I need help
#1
Posted 17 April 2006 - 04:49 PM
#2
Posted 17 April 2006 - 07:20 PM
really good to find another young woman from p.e.i Canada!
if you would like a chat or an email from me i would be very happy to do so. any support or help, i'm here if you'd like. you can say no-that's ok.
God Bless
Love
Laura
#3
Posted 19 April 2006 - 03:09 AM
ouch! you ARE in a tough situation. I think you need to have a look at what YOU want. If you really want this marriage to work(and I think you do or you wouldnt be asking for help!!) I think you are going to have to give him time.
He has gone through a MASSIVE change to his life and no wonder he is confused! I agree... neither of you need the fighting or name calling, and he is going to have to work through this anger and sort out what he wants. Maybe deep down he is having doubts about himself and physically being able to match up to the man he was before he was injured. I dont know how to get him to talk....I would say give the whole relationship a rest without breaking up but if he is staying in rehab then you are already kind of doing that. give him time but also make sure you let him know that you still want him like he is now
#4
Posted 28 April 2006 - 01:33 AM
Thats kind of the thing because i tell him this is still what i want and I want to be with him - - but he says he doesn't know if he wants to be with me. And i can handle it if he doesn't. But then he's not sure and i don't want to just give up. He's coming home for good in two weeks and i can honestly say i am really uneasy about it. Like we fight on his two-day weekend passes how will we manage forever? I put this question to him and all he said was - we just won't fight any more. Like its that bloody easy! Gimme a break.

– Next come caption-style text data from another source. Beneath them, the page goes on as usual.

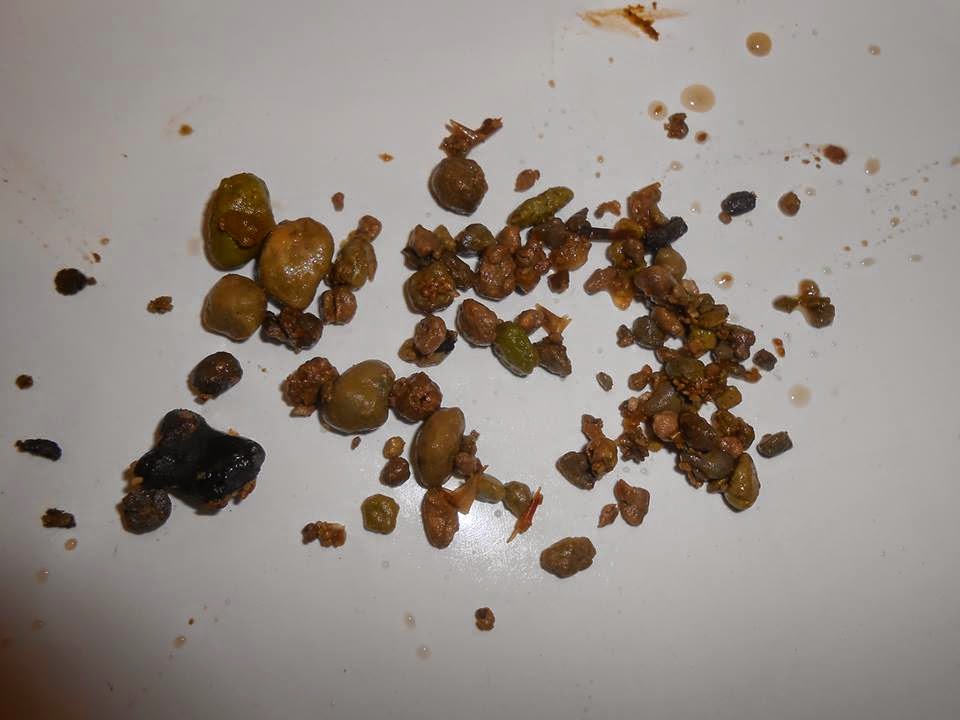 Ryan The Wellness Warrior The Amazing Liver and Gallbladder Flush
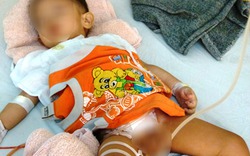 Vụ cắt nhầm bàng quang bé 21 tháng: Sở Y tế báo cáo UBND tỉnh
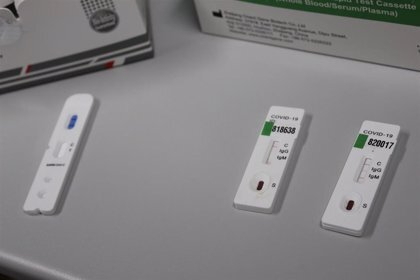 Detectados 68 positivos en los test masivos realizados en Castellanos de Moriscos, Aldeatejada y Tamames 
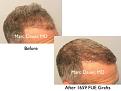 Click image for larger version

Name:	Hair Transplant Slides copy13.003.jpg
Views:	379
Size:	13.6 KB
ID:	478767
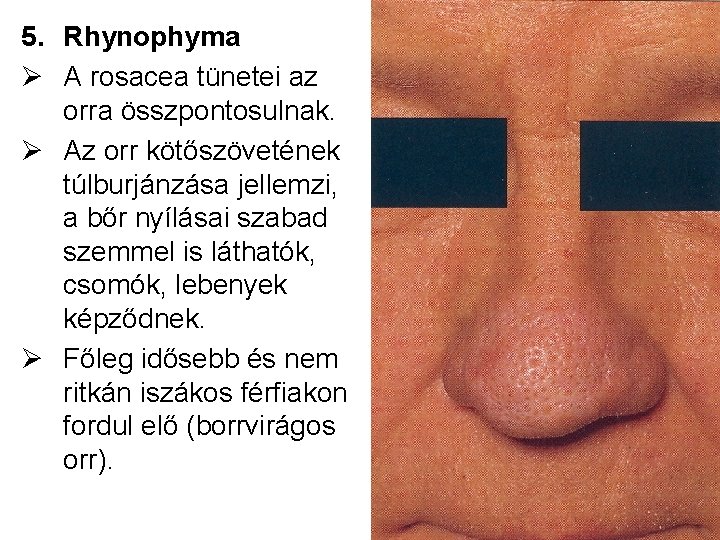 5. Rhynophyma Ø A rosacea tünetei az orra összpontosulnak. Ø Az orr kötőszövetének túlburjánzása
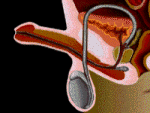 11111111.gif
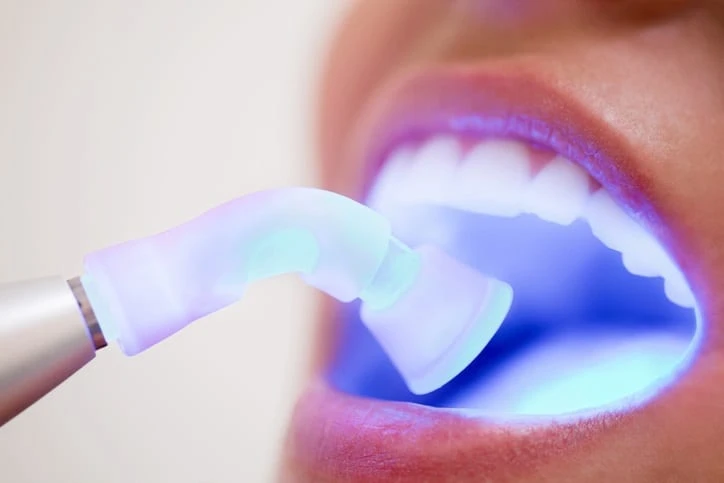 What is Advanced Laser Pocket Disinfection ?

I'm just stuck and he won't talk and i don't know what to do. Idont want to walk away because things might get better after we're home - - - but they might not too. Anyone have any advice.
#5
Posted 28 April 2006 - 03:26 PM
My husband has an incomplete spinal cord injury at C5/C6 and he is having really bad problems with his legs and arms, he can walk and use his arms, but it causes him chronic pain and really bad muscle spasms. He has never really been hospitalised for long but he has had several spells in hospital.
He has been told that he needs to be catheterised and we are awaiting the nurse to arrange it all. He has liver problems, and sexual problems and most of the time he says he feels less of a man. This has been a progressive injury and has been getting progressively worse over the past 8 years, and by the end of this year he is going to have to give in and use a wheel chair some of the time if not all of the time.
He has gone through all sorts of moods and been really snappy etc. I cannot tell you how to handle your relationship, but I can tell you how I deal with it. If he snaps at me I take the first few and then I basically say "I don't know who you think your speaking to, and I am leaving the room until you decide to speak to me properly, the way I speak to you", and if necessary I go into another room. If I go to do the dishes or wash the kitchen floor he knows he has really upset or annoyed me as neither are my favourite tasks.
When he had more bad news from the hospital last week, he told me I would be better off looking for someone else who can do all the things I can do, and to have children with, etc, etc. I just said I love you so much and I married you, the whole of you not the bits that can have sex, or carry the shopping, and walk etc, etc. He comes out with things like I'm just a useless bag of bones who is being able to do less and less, and getting worse and the pain is getting more unbearable, what do you want to stay with me for.
I tell him that if I was ill and it was me not him, I would hope his love for me went past all of them things like my love for him does, we are much better now, we give one another lots of hugs, we both cry together but most importantly we laugh, hug, kiss, cuddle and talk to one another. He has been recalled because of liver problems due to tablets and he looked so despondent yesterday I felt really sorry for him and I just said do you want a hug and he just nodded. He is 6 ft and was really into weights, push-up and was a butcher and slaughter man so he was really fit and strong and he just finds this all so frustrating that he cannot do the things he could before, plus his identical twin is still really strong and full of muscles so he sees how he used to look.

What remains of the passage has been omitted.